You are viewing a plain text version of this content. The canonical link for it is here.
Posted to dev@drill.apache.org by Paul Rogers <pa...@yahoo.com.INVALID> on 2018/08/22 00:32:15 UTC

The Ray framework

Hi All,

There is a cool new distributed framework coming out of UC Berkeley: Ray [1]. This is part of the RISE project which is the successor to the AmpLab project that produced Spark. The Ray paper [2] provides a great overview.

(quote)
Ray is a high-performance distributed execution framework targeted at large-scale machine learning and reinforcement learning applications. It achieves scalability and fault tolerance by abstracting the control state of the system in a global control store and keeping all other components stateless. It uses a shared-memory distributed object store to efficiently handle large data through shared memory, and it uses a bottom-up hierarchical scheduling architecture to achieve low-latency and high-throughput scheduling. It uses a lightweight API based on dynamic task graphs and actors to express a wide range of applications in a flexible manner.

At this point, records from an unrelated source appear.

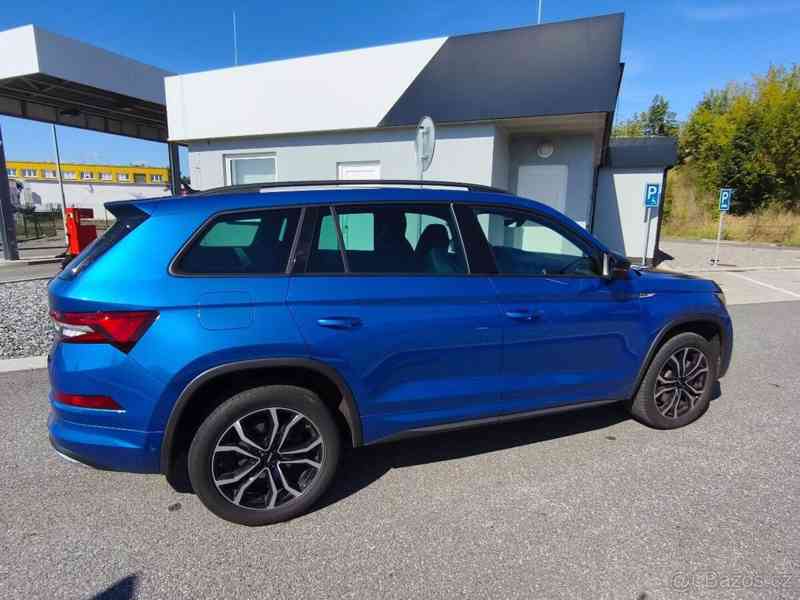Škoda Kodiaq 2,0   TDI 4x4 Sportline Exclusive - foto 8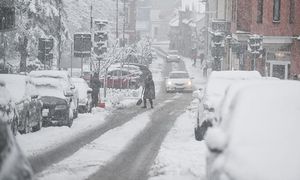 Atak zimy na małopolskich drogach. Tu spadnie nawet do 50 cm śniegu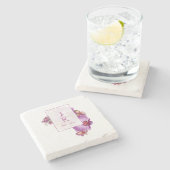 bruiloft stenen onderzetter (Zijkant)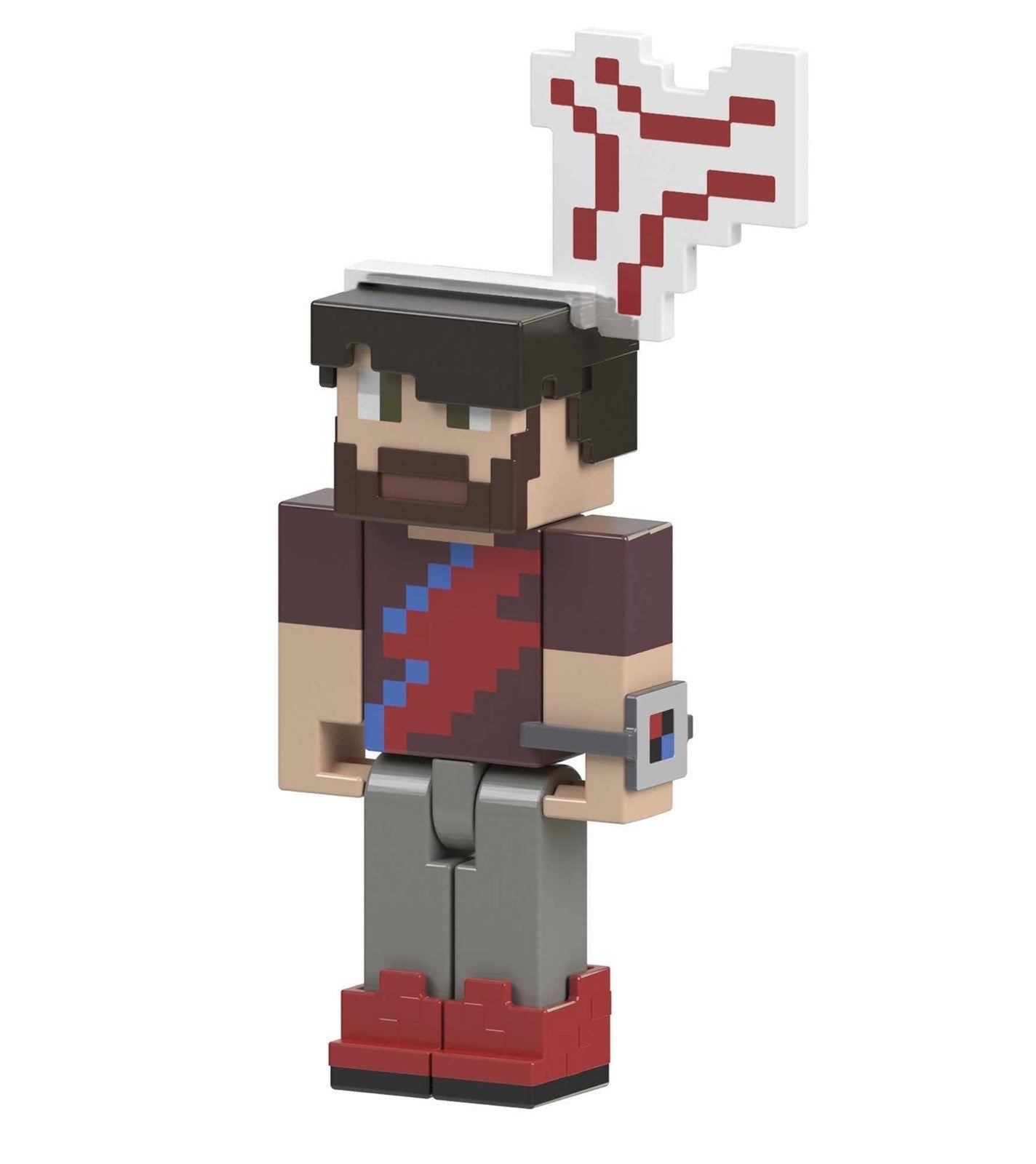 Minecraft Creator Series Rougarou + Anger Vein Expansion Pack Figures Set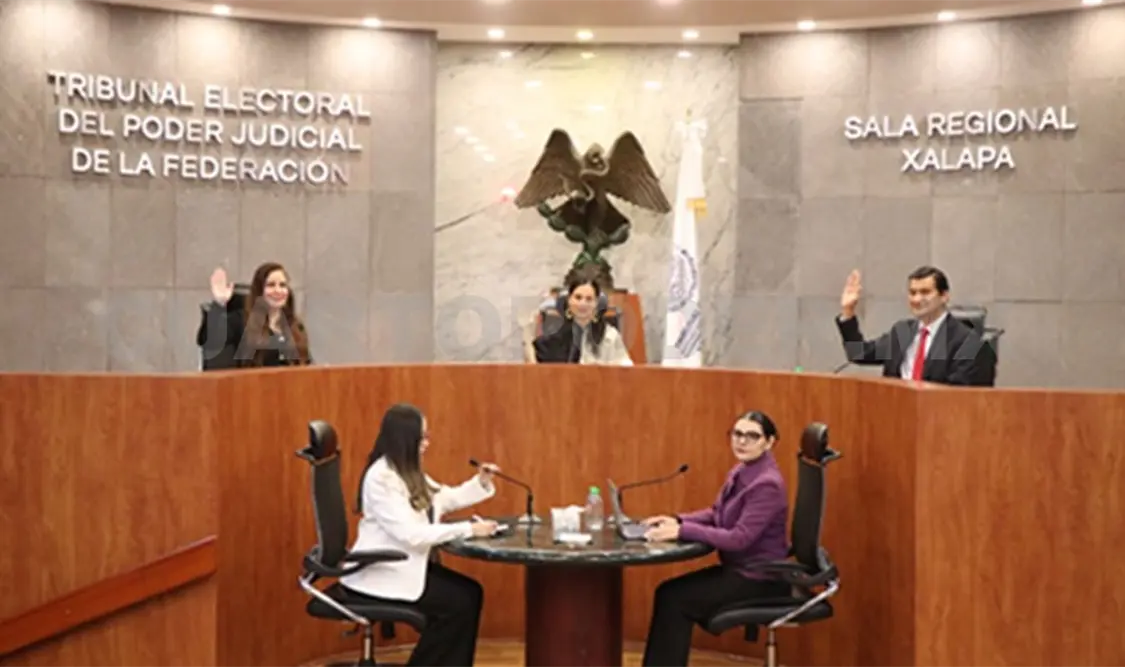 La revocación se dio a conocer durante la sesión pública correspondiente al expediente SX-JDC-231/2026. Cortesía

... Ray implements a dynamic task graph computation model that supports both the task-parallel and the actor programming models. To meet the performance requirements of AI applications, we propose an architecture that logically centralizes the system's control state using a sharded storage system and a novel bottom-up distributed scheduler. In our experiments, we demonstrate sub-millisecond remote task latencies and linear throughput scaling beyond 1.8 million tasks per second. We empirically validate that Ray speeds up challenging benchmarks...
(unquote)

While Ray is targeted at machine learning (ML), it is not hard to imagine using Ray to run query DAGs for Drill. Good ideas here to mine for Drill (and similar distributed projects.)

Thanks,
- Paul

[1] https://rise.cs.berkeley.edu/projects/ray/
[2] https://rise.cs.berkeley.edu/blog/publication/ray-distributed-framework-emerging-ai-applications/